As for Macao, it has embarked on a new phase of development, led by the development of non-gaming components as it wants to boost tourism from different perspectives.

Ho herself has been actively promoting Macao’s cultural tourism, with MGM having set up a major permanent art collection called the Chairman’s Collection which will be hosted at MGM Cotai. “The Chairman’s Collection is another of our initiatives used for organizing one or two major arts events a year. We don’t get to keep that in our property, so many of visitors have failed to see a particular exhibition. It would be nice we can then at least have our own collection and, starting with that, we can now work on a permanent basis of life art.”

A pioneering father who helped put Macao on the map

Being born with a silver spoon in one’s mouth — is it destined to bring riches and fame?

To Pansy Ho Chiu-king — the billionaire businesswoman and daughter of Macao casino magnate Stanley Ho Hung-sun — her father does hold great sway over her. From him, she has learned to step out of her comfort zone and seize the opportunities.

She calls her father a pioneer as he was the first Macao entrepreneur who didn’t mind taking on new business ventures and did not stay put in his comfort zone.

“As you may know, my father had been in business in Macao since the days when he had to leave Hong Kong during the war (in the 1940s). I think that’s his destiny and his relationship with Macao. But, afterward, he did come back to Hong Kong and, in fact, Hong Kong was the base of his business,” says Ho.

She recalls that when opportunities presented themselves in the 1960s, when the Portuguese government wanted to create and regulate the gaming industry to lift Macao’s tourism, her father, with no experience in this particular field, had the vision and understanding that, at that time, the emerging middle class in Hong Kong and Macao would support a market for tourism and entertainment.
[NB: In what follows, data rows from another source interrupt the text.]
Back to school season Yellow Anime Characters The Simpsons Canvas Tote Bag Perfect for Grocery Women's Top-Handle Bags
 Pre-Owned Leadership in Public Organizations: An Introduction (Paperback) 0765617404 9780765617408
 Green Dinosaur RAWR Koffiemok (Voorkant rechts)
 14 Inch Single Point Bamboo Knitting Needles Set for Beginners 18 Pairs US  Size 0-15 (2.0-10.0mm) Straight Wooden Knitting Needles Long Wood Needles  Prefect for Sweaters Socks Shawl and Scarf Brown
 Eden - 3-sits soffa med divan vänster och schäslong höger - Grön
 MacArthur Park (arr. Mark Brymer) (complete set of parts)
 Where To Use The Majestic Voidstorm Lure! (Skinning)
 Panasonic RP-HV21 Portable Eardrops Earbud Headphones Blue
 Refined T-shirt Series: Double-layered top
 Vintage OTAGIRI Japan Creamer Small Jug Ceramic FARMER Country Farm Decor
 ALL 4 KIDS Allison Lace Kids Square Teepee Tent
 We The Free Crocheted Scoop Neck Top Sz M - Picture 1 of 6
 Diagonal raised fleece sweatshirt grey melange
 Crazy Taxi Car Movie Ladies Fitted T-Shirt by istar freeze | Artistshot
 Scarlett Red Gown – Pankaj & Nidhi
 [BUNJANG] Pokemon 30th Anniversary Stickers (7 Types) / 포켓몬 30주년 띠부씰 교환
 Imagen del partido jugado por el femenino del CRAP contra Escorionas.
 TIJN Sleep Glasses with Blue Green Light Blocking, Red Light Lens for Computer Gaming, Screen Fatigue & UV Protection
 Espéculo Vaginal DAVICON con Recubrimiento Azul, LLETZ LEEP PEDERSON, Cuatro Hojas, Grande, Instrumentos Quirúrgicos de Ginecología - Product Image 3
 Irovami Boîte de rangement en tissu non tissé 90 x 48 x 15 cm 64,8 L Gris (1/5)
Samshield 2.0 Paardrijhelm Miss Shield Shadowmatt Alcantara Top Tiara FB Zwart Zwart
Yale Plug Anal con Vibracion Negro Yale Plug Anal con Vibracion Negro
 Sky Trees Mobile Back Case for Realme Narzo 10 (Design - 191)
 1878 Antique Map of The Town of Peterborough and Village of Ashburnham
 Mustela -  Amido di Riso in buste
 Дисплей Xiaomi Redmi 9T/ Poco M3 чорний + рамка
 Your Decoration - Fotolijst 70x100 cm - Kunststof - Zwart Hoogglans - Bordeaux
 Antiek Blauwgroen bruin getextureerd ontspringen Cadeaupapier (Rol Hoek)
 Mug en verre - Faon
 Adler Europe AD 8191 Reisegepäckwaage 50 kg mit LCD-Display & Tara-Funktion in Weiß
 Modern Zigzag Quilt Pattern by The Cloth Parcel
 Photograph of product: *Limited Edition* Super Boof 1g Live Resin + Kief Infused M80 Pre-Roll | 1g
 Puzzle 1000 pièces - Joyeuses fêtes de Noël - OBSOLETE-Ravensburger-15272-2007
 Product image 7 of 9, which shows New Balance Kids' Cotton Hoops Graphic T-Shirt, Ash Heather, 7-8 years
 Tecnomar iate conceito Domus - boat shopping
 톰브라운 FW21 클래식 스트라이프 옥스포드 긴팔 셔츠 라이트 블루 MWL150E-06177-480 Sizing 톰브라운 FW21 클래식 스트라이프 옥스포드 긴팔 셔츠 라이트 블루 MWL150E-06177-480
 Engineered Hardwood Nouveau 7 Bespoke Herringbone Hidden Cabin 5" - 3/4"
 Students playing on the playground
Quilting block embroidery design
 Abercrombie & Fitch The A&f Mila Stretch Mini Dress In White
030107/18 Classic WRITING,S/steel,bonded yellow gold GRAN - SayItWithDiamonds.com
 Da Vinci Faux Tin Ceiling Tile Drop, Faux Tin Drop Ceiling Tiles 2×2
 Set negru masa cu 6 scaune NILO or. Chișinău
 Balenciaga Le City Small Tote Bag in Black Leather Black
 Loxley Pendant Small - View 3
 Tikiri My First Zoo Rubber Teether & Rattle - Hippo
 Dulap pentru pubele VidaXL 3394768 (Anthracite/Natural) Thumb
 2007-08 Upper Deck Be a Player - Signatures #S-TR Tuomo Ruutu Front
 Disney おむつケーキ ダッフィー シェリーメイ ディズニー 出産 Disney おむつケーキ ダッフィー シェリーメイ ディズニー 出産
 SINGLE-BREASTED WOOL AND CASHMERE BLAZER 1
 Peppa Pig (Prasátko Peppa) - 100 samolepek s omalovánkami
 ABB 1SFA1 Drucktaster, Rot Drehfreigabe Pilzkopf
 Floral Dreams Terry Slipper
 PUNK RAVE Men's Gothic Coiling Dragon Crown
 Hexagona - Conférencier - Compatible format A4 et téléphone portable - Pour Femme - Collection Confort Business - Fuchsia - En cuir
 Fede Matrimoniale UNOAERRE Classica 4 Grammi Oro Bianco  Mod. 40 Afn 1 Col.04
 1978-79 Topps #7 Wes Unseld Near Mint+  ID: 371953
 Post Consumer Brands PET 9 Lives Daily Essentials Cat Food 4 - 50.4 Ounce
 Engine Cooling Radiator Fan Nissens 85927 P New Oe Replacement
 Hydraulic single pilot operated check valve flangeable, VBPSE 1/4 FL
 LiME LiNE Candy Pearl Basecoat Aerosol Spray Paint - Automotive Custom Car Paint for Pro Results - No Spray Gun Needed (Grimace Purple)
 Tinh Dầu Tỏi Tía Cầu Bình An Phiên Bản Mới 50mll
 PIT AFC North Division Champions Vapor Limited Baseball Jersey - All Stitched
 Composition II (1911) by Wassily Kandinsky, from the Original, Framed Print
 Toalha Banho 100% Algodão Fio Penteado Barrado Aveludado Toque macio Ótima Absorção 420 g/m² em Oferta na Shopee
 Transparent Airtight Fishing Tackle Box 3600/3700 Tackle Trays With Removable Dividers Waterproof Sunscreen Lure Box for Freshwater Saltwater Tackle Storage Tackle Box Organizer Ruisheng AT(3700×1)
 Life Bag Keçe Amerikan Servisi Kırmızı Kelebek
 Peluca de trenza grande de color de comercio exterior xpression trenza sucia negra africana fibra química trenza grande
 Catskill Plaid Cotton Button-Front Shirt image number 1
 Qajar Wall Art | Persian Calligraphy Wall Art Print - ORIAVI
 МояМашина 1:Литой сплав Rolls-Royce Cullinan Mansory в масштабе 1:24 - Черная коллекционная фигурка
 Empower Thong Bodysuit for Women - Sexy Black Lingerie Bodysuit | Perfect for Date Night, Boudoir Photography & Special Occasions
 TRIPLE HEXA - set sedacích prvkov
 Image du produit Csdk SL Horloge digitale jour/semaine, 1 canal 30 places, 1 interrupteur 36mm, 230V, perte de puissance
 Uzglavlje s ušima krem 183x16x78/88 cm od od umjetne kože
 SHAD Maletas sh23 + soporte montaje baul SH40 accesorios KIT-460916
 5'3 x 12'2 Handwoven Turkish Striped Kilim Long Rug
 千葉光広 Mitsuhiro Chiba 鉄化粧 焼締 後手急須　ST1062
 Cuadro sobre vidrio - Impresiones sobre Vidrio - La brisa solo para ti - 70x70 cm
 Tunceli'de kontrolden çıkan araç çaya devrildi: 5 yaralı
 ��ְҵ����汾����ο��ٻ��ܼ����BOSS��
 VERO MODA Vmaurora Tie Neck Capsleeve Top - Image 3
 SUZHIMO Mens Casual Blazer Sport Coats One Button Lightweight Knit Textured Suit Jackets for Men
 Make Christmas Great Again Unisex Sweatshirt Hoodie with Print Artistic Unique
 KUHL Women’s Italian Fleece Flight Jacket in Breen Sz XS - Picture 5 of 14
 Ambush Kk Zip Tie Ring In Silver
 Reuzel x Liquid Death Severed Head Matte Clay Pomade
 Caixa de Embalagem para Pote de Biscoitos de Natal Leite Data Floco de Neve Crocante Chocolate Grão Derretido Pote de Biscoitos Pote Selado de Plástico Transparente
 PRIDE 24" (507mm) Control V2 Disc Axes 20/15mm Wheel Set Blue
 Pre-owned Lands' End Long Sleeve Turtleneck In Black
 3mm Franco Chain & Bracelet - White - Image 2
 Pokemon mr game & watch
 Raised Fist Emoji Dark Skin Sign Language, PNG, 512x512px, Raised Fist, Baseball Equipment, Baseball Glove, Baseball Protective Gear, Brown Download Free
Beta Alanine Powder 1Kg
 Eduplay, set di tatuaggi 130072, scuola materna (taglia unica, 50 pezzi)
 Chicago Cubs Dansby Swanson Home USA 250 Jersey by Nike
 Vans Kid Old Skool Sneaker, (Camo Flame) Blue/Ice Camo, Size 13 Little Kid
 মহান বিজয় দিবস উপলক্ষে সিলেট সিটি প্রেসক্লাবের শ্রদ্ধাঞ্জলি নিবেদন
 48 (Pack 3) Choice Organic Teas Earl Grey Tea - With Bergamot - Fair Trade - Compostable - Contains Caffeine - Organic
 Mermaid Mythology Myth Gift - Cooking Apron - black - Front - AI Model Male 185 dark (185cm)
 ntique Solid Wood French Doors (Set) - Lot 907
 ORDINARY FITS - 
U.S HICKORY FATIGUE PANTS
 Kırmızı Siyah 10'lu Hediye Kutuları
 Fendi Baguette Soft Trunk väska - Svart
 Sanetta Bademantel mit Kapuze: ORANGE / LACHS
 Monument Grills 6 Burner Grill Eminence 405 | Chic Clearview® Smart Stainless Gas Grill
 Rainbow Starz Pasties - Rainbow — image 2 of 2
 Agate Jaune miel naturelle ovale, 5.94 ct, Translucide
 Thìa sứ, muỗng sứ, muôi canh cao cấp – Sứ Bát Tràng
With a very macro perspective, Stanley Ho went for it and had to do everything from the ground. And, it wasn’t the easiest business to go into. People might think it’s just a gold mine, but it was actually hard work, she says.

According to Pansy Ho, her father started off with real estate, making his first bucket of gold by building residential and commercial projects. “He could have just stayed on and continued, and I’m sure he could have been just as successful.”

“For me, with this unique background, of course, it’s a great blessing. At the same time, I’ve to step in and try to maintain this significant portfolio and legacy. Of course, it’ll be a challenge.”

She recalls her father having had his moments, and she should learn from him. Now, another historic moment has appeared as Macao begins to make a substantial mark on the Chinese mainland.

“I want to continue following in the footsteps of my father and contributing to this economy,” she says.

Ho says she wouldn’t tell anybody to pick just one particular area to focus on, and admits the pure thought of going into business just didn’t occur to her in her childhood.

“I had always been very good in history, geography, culture, anthropology. So, I wasn’t made out to be a businesswoman. If you look at my report card, you might speculate that, one day, I might become an archaeologist or arts curator which would more likely be my specialty.”

But, after consulting with her family, her father told her the world was entering a new era in the 1980s, with women becoming more acceptable in the commercial world, and her father wanted her to learn more about business.

So she took the advice and chose business studies as her major, but she didn’t want to give up other fields she was interested in, so she took a double major.

The end result was a Bachelor’s degree in marketing and international business management from the University of Santa Clara in the United States.

“On one hand, I’ve fulfilled my parents’ wishes and, on the other, I continue to pursue my own interests. Half-way down the line, I realized there was no collision among them because, at the end of the day, learning business is not just about making money, it’s about organization, learning how to organize things.”